• DATA:

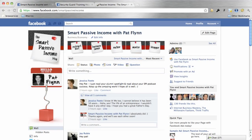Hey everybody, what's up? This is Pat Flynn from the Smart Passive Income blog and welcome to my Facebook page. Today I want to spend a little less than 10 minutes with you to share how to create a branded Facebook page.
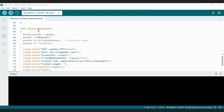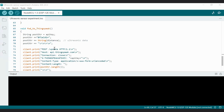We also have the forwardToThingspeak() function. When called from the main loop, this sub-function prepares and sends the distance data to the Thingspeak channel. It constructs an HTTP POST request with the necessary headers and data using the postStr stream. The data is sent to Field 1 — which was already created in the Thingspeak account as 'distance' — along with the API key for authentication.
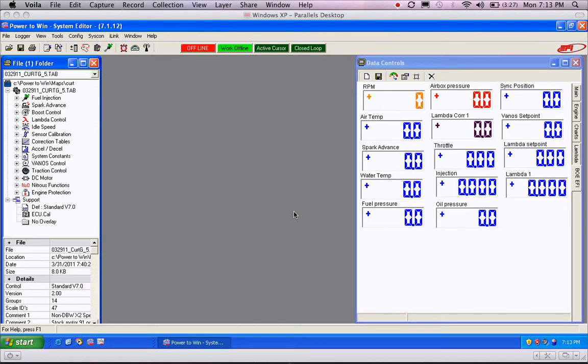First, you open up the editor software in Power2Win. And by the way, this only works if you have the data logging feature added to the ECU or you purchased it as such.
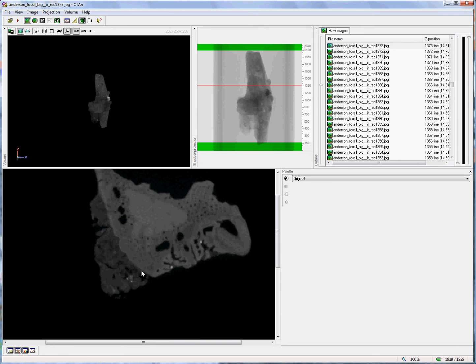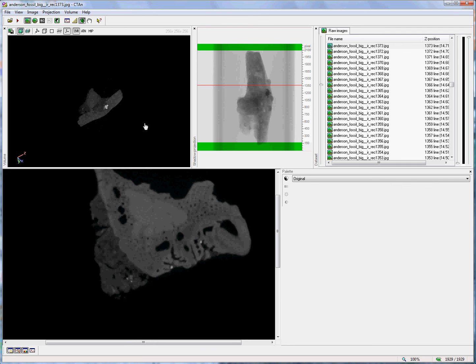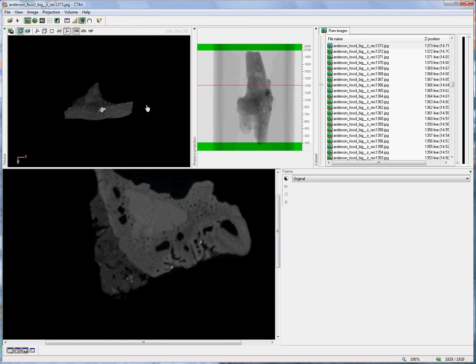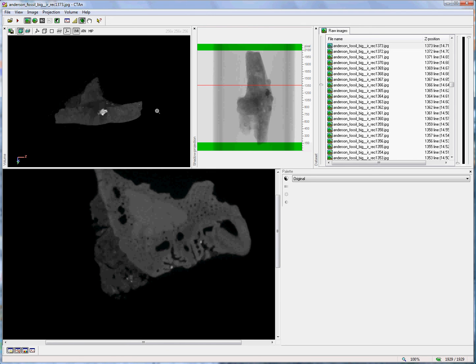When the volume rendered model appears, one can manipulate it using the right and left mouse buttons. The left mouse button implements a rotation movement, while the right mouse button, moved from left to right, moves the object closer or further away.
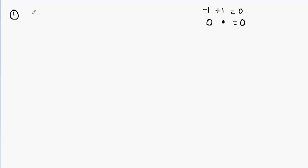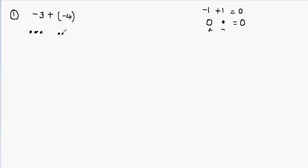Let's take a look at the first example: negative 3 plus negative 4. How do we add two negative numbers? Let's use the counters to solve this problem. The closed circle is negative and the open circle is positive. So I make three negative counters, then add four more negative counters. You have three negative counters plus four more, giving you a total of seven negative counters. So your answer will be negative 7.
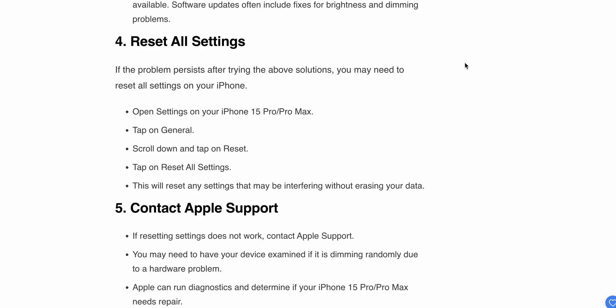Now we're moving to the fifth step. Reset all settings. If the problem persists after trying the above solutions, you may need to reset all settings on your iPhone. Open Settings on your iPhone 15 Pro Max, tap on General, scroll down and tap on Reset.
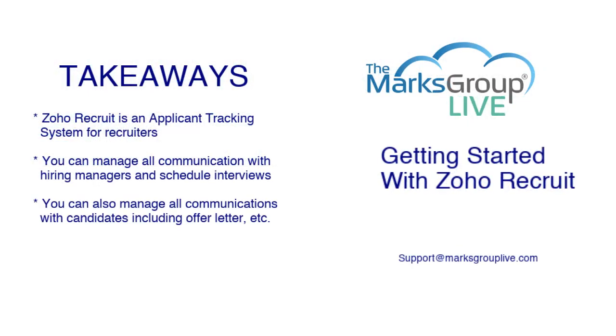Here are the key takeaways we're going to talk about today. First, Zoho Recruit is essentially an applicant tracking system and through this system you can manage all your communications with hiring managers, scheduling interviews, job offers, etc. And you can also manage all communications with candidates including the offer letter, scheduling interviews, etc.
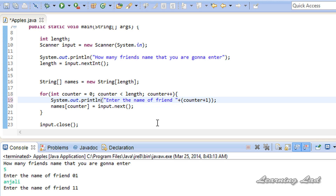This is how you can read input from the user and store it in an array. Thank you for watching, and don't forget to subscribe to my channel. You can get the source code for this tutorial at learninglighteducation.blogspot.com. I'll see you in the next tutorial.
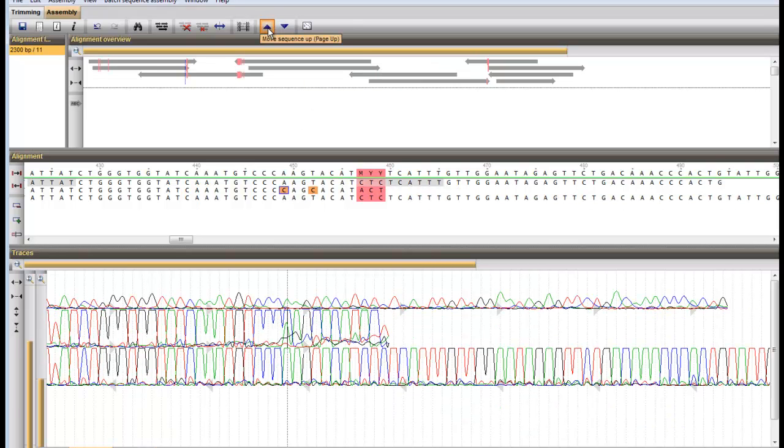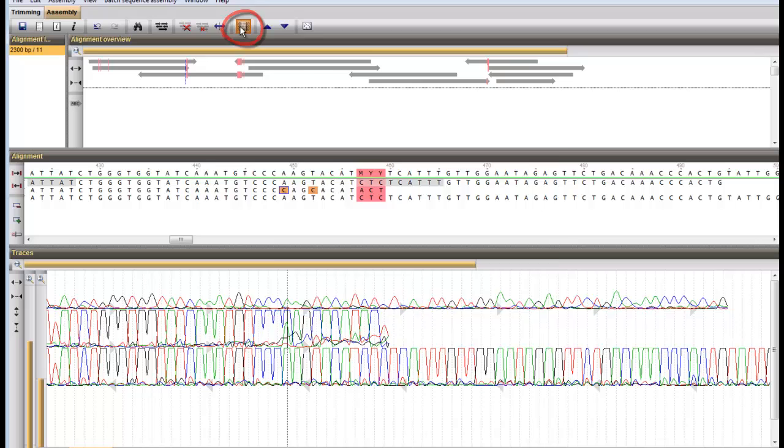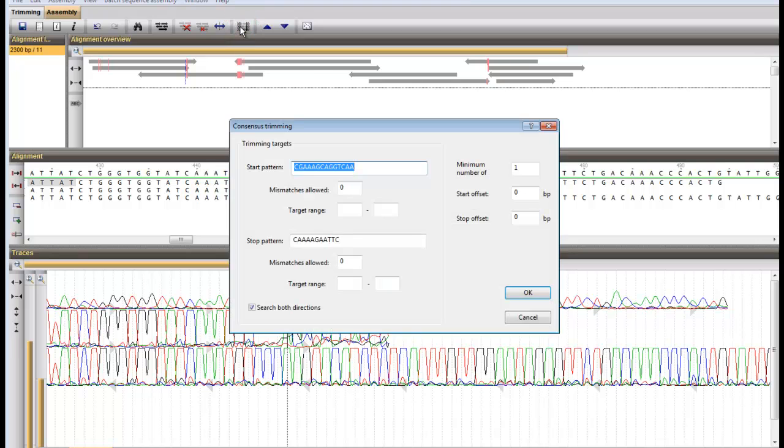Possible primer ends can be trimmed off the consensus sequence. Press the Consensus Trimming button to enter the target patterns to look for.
==
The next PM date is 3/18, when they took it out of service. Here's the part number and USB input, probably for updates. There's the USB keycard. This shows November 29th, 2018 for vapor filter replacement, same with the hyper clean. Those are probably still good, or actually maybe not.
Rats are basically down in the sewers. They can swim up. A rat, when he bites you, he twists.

• EXERCISE OBJECTIVE: Nothing but the lines above from the line with "Here are the" up to and including the line with "Possible primer ends" should be returned, exactly as written and without pictures.

• REPLY:
Here are the key takeaways we're going to talk about today. First, Zoho Recruit is essentially an applicant tracking system and through this system you can manage all your communications with hiring managers, scheduling interviews, job offers, etc. And you can also manage all communications with candidates including the offer letter, scheduling interviews, etc.
This is how you can read input from the user and store it in an array. Thank you for watching, and don't forget to subscribe to my channel. You can get the source code for this tutorial at learninglighteducation.blogspot.com. I'll see you in the next tutorial.
Possible primer ends can be trimmed off the consensus sequence. Press the Consensus Trimming button to enter the target patterns to look for.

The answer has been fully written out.